Es freut mich, dass die FMH sich endlich in die Diskussion um Geimpfte, Genesene und Getestete einbringt. Impfungen haben das Ziel, eine Immunantwort hervorzurufen, um nicht erneut zu erkranken oder andere anzustecken. Wir wissen, dass ein Virusinfekt neben T-Zellen auch die Bildung von zirkulierenden Immunantikörpern bewirkt – in der Anfangsphase innert einiger Tage bis 2 Wochen entstehen die sogenannten IgM-Antikörper, dann nach 3–4 Wochen die wirksamen Immunglobulin-G-Antikörper, die ein Plateau erreichen, das einige Monate bis etwa ein Jahr anhält und schützt. Solche IgG-Titer werden auch zur Beurteilung der Immunitätslage gegenüber anderen Viruserkrankungen (Sero­logie bei Schwangeren, Röteln, Varizellen etc.) routinemässig durchgeführt.

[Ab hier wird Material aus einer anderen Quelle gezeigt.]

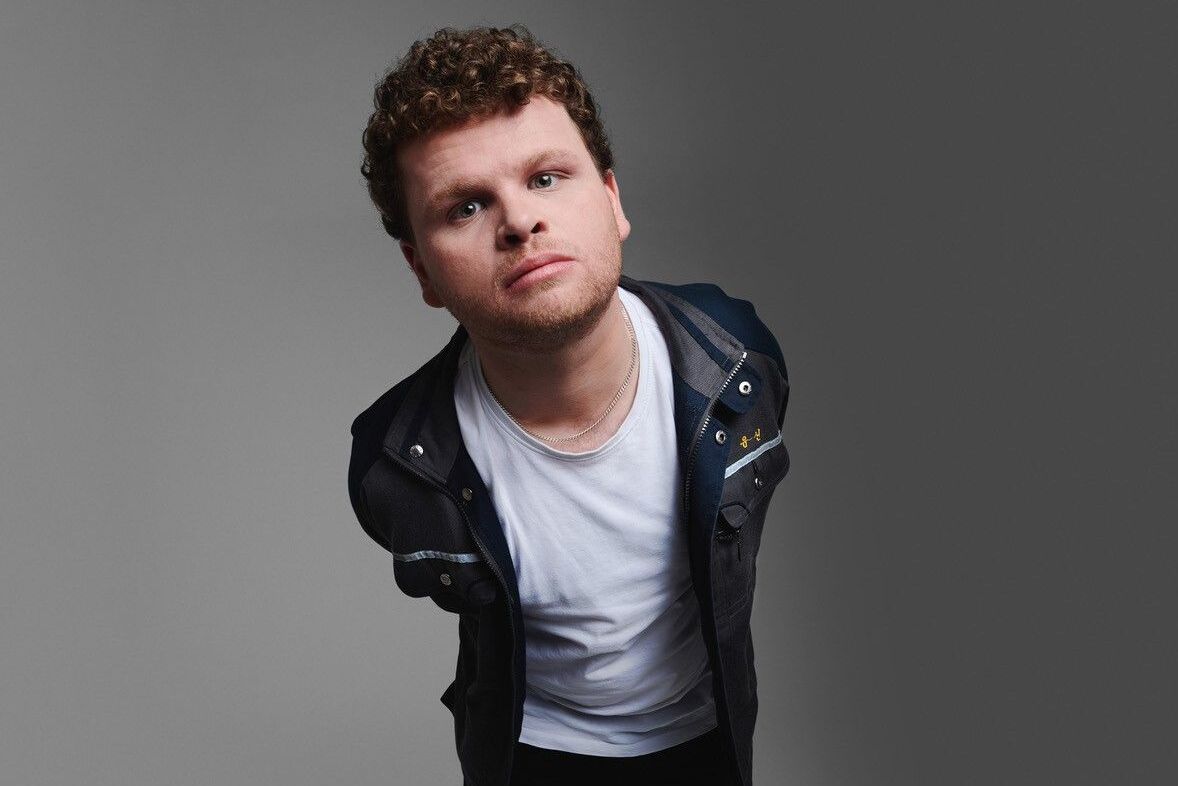 Dan Tiernan in white T-shirt and black leather jacket.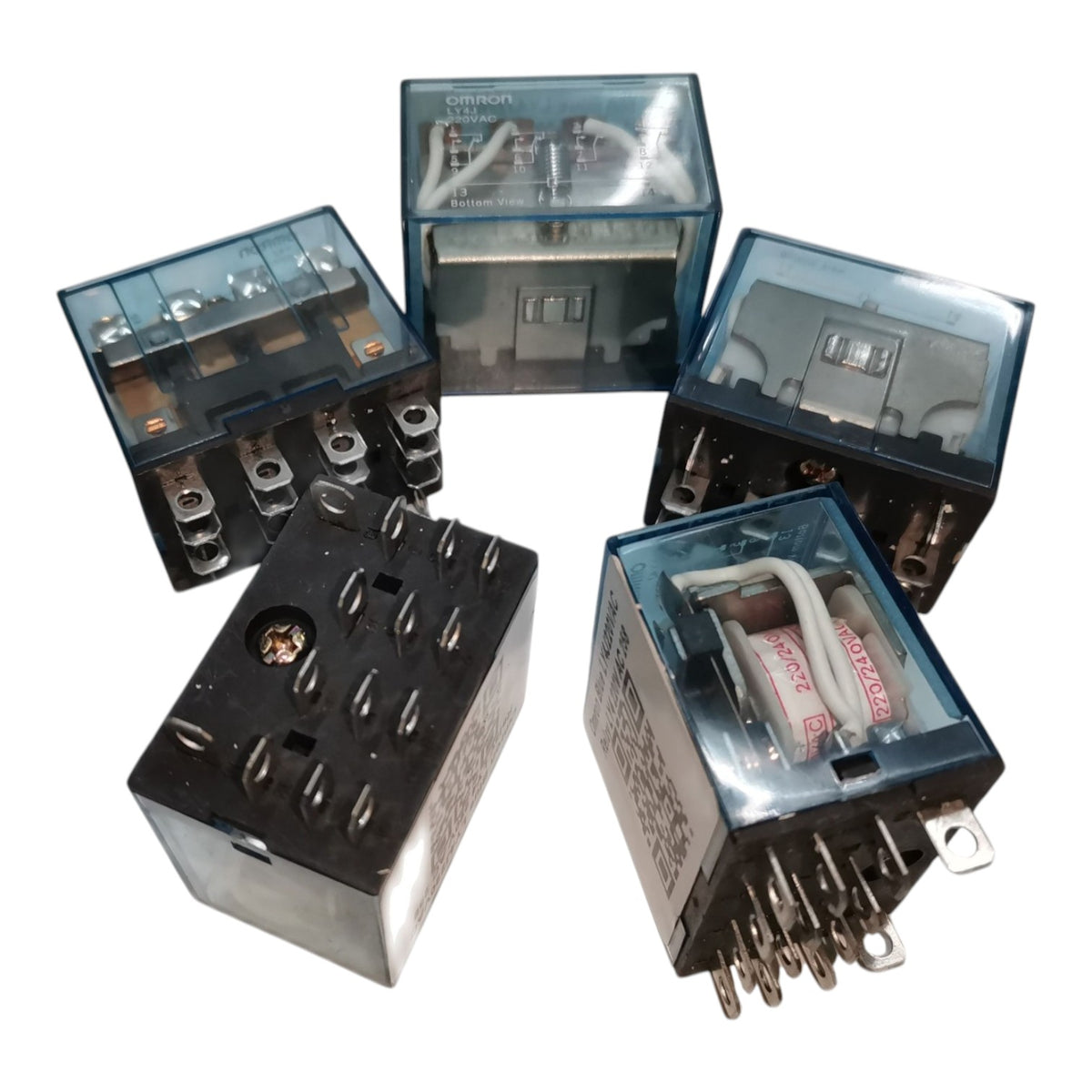 Five electrical contact relays with translucent blue-gray plastic housings and metal terminals, shown on a plain white background.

Denn bei einer Impfung ist die Immunantwort (IgG-Antikörper) das Ziel. Für die T-Zellen fehlt bis heute ein einfacher Testnachweis. Die Basis eines zuverlässigen Zertifikates – für mindestens 6 Monate – muss auf einem Immunitätsnachweis (zirkulierende IgG-Antikörper) beruhen. Bereits heute problemlos in jeder Arztpraxis durchführbar.